Jamie Vine et le frontman des Nasty Bits, Kip Stevens (James Jagger). (credit : HBO).

Jamie Vine et le frontman des Nasty Bits, Kip Stevens (James Jagger). (Crédit : HBO).

AVIS : un épisode dans l’exacte lignée du précédent. Sans sombrer dans la comédie, la série privilégie clairement l’humour et les dialogues de sniper, en tournant définitivement le dos à la grandiloquence du pilote. Et ça marche : les scènes hilarantes se multiplient, qu’il s’agisse de la réunion « Quel artiste on vire ? » entre Richie et ses lieutenants, du profond abattement du pauvre Clark devant une session d’enregistrement du ringardissime duo England Dan & John Ford Coley ou encore des sarcasmes désopilants du génial Jules « Julie » Silver sur les Nasty Bits.

Les choix musicaux fonctionnent à plein tube et, qu’il s’agisse de musique diégétique ou « hors champ », ils habillent Vinyl d’une véritable patte sonore, jamais trop envahissante et toujours efficace. Je continue de m’interroger sur la réelle utilité des apparitions incarnées de légendes du rock/blues pour des virgules d’ambiance plus ou moins signifiantes. Certes moins présentes que sur le pilote, elles restent toujours sur le fil du rasoir entre la bonne idée de narration symbolique et le gimmick superflu.

La plus belle scène de Whispered Secrets (et probablement le premier véritable moment où Vinyl n’est pas loin de nous arracher des larmes) surgit lorsque Devon, en manque désespéré de cash pour financer une troupe de danse dont elle s’occupe, renoue avec Andy Warhol pour lui demander de signer le tableau-portrait qu’il avait tiré d’elle, des années plus tôt. L’artiste repère immédiatement le subterfuge et Devon s’effondre. Une autre séquence également très forte montre les prémices de la création du hip hop, lorsque le DJ Kool Herc (joué ici par Dominique Johnson) entrelace deux morceaux de Kool and the Gang et James Brown sous les yeux et les oreilles de deux papys révoltés. Plaisant.
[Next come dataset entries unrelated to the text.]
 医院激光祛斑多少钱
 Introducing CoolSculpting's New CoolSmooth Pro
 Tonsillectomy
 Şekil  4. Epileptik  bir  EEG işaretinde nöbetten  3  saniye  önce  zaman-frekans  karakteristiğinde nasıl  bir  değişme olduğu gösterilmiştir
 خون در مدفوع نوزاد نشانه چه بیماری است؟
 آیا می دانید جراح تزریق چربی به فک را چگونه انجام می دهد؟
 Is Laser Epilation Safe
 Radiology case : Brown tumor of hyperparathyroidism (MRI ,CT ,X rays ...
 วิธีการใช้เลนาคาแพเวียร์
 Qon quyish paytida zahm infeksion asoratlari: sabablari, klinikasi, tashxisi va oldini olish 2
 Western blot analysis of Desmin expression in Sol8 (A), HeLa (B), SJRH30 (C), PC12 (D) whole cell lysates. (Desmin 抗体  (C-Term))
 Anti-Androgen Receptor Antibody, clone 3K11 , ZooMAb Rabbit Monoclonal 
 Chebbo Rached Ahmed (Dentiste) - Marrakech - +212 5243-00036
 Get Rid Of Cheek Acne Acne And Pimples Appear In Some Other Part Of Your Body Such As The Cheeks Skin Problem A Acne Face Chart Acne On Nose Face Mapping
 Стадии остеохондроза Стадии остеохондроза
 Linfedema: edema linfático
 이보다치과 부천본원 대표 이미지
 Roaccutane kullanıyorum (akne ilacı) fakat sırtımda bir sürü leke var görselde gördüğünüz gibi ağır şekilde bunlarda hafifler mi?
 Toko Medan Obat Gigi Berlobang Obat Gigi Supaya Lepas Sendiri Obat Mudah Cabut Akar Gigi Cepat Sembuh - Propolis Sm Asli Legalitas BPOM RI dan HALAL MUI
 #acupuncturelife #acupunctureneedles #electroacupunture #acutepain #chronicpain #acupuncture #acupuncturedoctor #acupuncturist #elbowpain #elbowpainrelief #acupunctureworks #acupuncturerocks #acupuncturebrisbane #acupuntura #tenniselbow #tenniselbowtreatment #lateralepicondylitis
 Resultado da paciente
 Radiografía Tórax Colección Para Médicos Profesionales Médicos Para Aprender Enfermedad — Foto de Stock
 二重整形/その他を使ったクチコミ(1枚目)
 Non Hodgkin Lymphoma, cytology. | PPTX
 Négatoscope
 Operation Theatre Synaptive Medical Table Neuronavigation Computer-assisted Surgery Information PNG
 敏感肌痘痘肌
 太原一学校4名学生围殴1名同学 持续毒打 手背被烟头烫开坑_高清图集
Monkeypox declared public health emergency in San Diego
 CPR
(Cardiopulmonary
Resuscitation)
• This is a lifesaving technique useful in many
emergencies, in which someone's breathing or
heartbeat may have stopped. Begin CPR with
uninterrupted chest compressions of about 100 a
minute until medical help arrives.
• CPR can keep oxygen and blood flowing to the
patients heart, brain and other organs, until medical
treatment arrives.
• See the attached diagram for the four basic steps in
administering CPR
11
Le twist final de ce 3e épisode, engageant la série sur la voie d’une écriture définitivement plus traditionnelle qu’une Mad Men ou Les Soprano, relie plus nettement Vinyl à une logique de genre plutôt qu’une variation sur une certaine condition humaine. En ayant fait de Richie Finestra, dés la fin de l’épisode pilote, le complice plus ou moins actif d’un meurtre, Winter et sa troupe dirigent leur héros vers une logique expiatoire d’un pêché capital, à l’image d’un Vic Mackey dans The Shield. Se tirent-ils une balle dans le pied en risquant de tomber dans le piège du réchauffé maladroit (comment vraiment renouveler cet exercice après la perfection The Shield ?) ou vont-ils parvenir à « gérer » cette trame-là sans abîmer la crédibilité de la série ? Vrai suspens à suivre…

En résumé : un épisode aussi agréable, drôle et rythmé que le précédent. Pas de choc émotionnel particulier, si ce n’est une très belle scène pour Olivia Wilde. Vinyl semble toujours se chercher entre la description d’une époque, le petit jeu du « name dropping », la trajectoire d’un quadra en crise façon Tony Soprano ou Don Draper et un suspens de genre typique du « film de mafia ». Mais elle peaufine doucement l’alchimie entre ses personnages.